Filmmakers Jenny Stein and James LaVeck will appear at the Princeton Environmental Film Festival.
They were aspiring Hollywood screenwriters, and later marketing and communications consultants in California’s Silicon Valley, before making the decision to radically change their focus. “Our story goes back 13 years, which is when we made the conscious decision to change the course of our lives,” says LaVeck, who is the producer of Tribe of Heart films; Stein is the director and editor. “We realized that we were really being affected by issues of justice, sustainability, poverty, and so many other things, and that we needed to change. But we weren’t able to do anything to affect that change. We had a lot of good things going, but there was something missing.”
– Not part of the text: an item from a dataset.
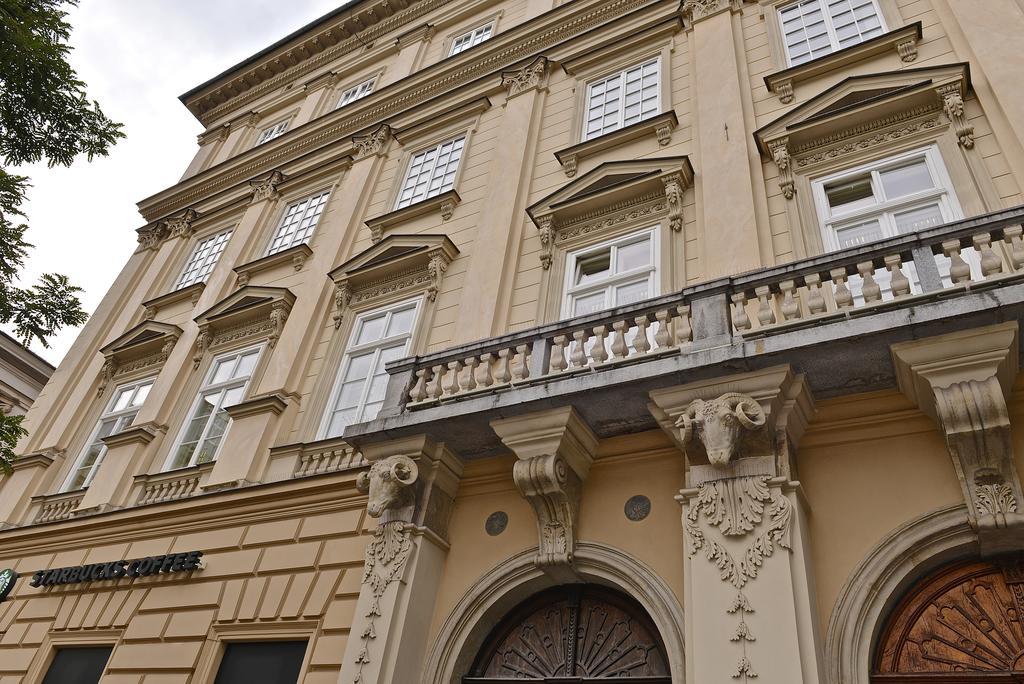 Apartamenty W Palacu Pod Baranami Kraków Exteriör bild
The couple relocated to Ithaca, N.Y., where they have been ever since. LaVeck grew up in rural New York state; Stein graduated from Cornell University in Ithaca. “We wanted to focus on addressing the present problems of our time,” says LaVeck. “We have become much happier as a result. There is something about making that decision to commit fully to this path that enriches your life.” Among Tribe of Heart’s other awardwinning films is “The Witness,” about a Brooklyn construction worker who becomes an impassioned animal advocate. As with “Peaceable Kingdom,” the story is focused on awakening and change. “We have developed a theory that just as fear is catching, maybe this awakening thing is catching, too,” says LaVeck. “We have had our own awakening in the area of animal issues, and saw it as a great opportunity for exploration.” LaVeck likens the subjects of “Peaceable Kingdom” who have drastically altered their farming practices, to people who have had experience in the military and then worked for peace. “We believe the awakening of consciousness is a universal process,” he says. “When people make changes out of concern for others, the power that results is really something special.” Jan. 15, 7 p.m.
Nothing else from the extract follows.